┌──
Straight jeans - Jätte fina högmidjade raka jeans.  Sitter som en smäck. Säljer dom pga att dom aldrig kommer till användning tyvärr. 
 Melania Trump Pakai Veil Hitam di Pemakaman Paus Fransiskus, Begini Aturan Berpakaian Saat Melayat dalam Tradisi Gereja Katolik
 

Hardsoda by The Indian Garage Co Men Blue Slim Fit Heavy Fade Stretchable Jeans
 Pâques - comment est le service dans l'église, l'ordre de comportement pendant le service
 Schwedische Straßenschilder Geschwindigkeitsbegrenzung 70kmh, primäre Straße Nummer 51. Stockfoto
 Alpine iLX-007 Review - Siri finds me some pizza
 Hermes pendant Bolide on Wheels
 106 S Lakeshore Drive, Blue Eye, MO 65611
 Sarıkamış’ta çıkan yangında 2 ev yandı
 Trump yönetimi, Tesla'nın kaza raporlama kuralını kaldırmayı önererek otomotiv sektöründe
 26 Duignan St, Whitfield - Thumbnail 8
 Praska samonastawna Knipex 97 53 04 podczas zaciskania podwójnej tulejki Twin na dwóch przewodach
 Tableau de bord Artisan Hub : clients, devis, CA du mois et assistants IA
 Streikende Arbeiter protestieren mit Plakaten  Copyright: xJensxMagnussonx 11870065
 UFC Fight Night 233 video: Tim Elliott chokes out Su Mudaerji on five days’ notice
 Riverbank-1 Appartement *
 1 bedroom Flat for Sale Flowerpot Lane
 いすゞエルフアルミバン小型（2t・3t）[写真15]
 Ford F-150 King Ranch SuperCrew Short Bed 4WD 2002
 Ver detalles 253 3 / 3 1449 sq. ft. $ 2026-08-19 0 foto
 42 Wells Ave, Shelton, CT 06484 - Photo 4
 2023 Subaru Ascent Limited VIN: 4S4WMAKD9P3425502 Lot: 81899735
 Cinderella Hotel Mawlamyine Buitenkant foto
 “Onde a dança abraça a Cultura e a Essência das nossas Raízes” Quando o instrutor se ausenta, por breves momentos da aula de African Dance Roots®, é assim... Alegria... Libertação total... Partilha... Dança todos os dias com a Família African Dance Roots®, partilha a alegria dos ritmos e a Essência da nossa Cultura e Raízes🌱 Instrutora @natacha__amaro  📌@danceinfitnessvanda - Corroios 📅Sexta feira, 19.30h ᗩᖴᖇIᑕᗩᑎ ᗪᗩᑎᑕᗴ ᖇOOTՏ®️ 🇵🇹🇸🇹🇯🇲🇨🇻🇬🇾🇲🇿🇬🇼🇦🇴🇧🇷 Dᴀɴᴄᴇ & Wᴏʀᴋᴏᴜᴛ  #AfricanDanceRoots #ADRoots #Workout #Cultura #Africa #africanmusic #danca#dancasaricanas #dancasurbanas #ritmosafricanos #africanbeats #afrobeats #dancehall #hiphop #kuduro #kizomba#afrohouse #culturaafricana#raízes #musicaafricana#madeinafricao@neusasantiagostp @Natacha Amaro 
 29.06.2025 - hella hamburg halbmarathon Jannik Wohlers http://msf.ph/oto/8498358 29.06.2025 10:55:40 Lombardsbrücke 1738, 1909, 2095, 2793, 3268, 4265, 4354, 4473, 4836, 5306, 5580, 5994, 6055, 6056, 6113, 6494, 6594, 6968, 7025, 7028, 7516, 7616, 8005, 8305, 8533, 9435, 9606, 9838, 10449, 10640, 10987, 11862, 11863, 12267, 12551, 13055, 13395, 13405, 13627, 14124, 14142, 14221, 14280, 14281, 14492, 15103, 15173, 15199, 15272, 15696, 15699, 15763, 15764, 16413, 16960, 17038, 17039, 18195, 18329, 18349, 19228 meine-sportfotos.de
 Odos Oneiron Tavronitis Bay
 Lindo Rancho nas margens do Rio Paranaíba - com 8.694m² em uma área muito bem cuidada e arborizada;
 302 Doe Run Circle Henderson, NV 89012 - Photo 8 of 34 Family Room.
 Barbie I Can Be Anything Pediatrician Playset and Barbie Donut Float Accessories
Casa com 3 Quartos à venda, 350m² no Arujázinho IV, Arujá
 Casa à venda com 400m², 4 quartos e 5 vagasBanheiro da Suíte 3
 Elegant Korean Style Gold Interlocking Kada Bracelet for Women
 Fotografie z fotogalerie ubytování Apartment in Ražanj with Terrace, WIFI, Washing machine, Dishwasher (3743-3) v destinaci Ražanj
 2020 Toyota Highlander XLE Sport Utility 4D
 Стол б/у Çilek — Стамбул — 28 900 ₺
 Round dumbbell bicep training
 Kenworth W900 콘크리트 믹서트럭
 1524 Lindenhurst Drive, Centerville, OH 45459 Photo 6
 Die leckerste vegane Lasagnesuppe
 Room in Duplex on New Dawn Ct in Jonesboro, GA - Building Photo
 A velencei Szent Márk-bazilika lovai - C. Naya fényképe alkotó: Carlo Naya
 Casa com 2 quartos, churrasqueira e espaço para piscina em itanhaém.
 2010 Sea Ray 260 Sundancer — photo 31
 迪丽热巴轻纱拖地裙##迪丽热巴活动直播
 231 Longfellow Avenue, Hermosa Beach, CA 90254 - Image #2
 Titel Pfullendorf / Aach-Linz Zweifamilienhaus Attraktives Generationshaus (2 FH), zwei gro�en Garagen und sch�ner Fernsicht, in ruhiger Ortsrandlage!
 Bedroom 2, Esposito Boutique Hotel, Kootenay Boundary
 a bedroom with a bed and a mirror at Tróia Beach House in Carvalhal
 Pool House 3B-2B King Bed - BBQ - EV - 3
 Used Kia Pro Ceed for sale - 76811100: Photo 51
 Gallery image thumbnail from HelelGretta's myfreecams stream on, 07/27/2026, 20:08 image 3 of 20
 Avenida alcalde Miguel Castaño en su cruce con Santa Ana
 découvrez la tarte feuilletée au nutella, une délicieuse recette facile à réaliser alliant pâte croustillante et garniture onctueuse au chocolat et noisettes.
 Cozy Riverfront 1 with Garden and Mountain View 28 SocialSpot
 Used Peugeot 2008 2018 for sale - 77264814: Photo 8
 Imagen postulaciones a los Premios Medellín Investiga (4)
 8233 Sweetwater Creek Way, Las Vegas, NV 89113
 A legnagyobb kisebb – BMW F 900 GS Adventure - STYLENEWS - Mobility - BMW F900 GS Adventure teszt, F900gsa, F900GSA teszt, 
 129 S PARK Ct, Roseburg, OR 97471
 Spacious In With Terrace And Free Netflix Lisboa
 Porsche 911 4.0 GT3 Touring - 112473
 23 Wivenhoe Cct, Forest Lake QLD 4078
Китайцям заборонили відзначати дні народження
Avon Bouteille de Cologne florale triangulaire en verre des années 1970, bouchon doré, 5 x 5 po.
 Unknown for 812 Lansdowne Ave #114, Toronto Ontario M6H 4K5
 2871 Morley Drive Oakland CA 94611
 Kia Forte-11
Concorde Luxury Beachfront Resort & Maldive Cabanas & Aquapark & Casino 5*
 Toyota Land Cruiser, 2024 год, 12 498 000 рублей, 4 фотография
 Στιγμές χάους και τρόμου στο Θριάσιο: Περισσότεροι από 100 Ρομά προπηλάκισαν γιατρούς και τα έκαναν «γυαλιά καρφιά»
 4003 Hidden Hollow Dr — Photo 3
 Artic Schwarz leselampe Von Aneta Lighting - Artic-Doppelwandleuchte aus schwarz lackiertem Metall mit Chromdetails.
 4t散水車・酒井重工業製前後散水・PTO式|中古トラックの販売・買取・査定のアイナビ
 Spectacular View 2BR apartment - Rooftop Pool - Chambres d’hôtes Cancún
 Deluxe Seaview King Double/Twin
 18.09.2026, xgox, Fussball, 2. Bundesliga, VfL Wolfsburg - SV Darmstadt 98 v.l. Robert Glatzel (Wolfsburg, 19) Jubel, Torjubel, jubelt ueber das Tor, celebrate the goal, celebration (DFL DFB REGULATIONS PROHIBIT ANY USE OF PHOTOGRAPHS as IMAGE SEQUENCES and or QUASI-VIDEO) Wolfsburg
└──
Exercise
Set down only the lines above that fall between the line holding "Pâques - comment" and the line holding "Sarıkamış’ta çıkan yangında 2 ev yandı", inclusive, keeping each exact.

Completed task
 Pâques - comment est le service dans l'église, l'ordre de comportement pendant le service
 Schwedische Straßenschilder Geschwindigkeitsbegrenzung 70kmh, primäre Straße Nummer 51. Stockfoto
 Alpine iLX-007 Review - Siri finds me some pizza
 Hermes pendant Bolide on Wheels
 106 S Lakeshore Drive, Blue Eye, MO 65611
 Sarıkamış’ta çıkan yangında 2 ev yandı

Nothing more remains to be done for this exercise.